**WORK INSTRUCTION**
From the listing below, reproduce word for word the part that opens with the line containing "航拍 四川省射洪县洋溪镇，依山傍水的美丽小镇视频封面" and closes with the line containing "2/14 Berringar Rd, Valentine, NSW 2280"; reproduce nothing else.

**EXCERPTED RECORDS**
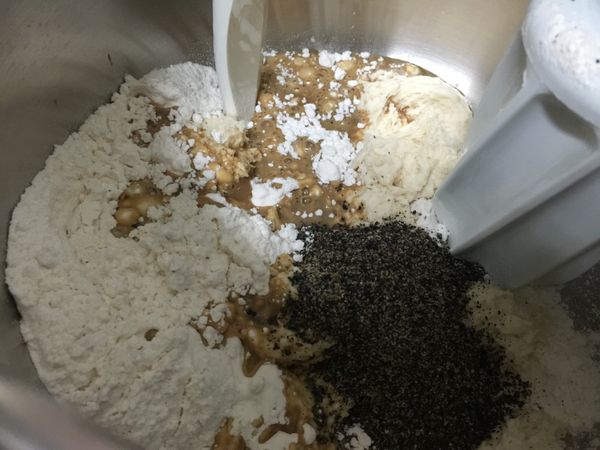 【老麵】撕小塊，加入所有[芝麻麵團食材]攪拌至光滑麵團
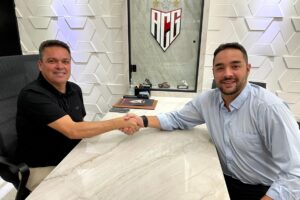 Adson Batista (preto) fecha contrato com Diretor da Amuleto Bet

--

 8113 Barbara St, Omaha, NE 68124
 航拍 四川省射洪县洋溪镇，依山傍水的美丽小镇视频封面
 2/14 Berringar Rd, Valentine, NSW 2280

* * *

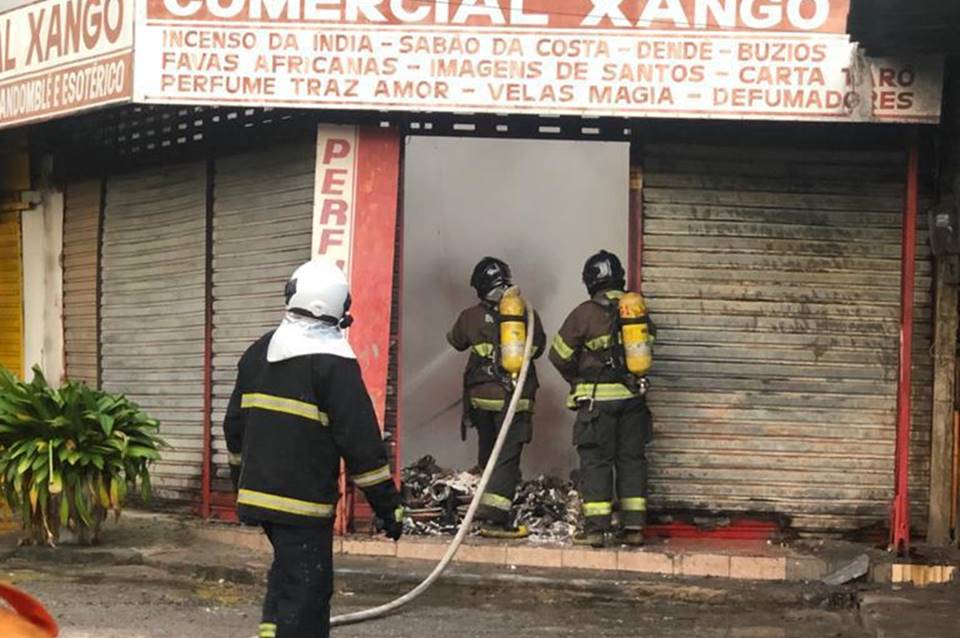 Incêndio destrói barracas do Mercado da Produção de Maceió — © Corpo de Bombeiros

**ANSWER TO THIS PROBLEM**
 航拍 四川省射洪县洋溪镇，依山傍水的美丽小镇视频封面
 2/14 Berringar Rd, Valentine, NSW 2280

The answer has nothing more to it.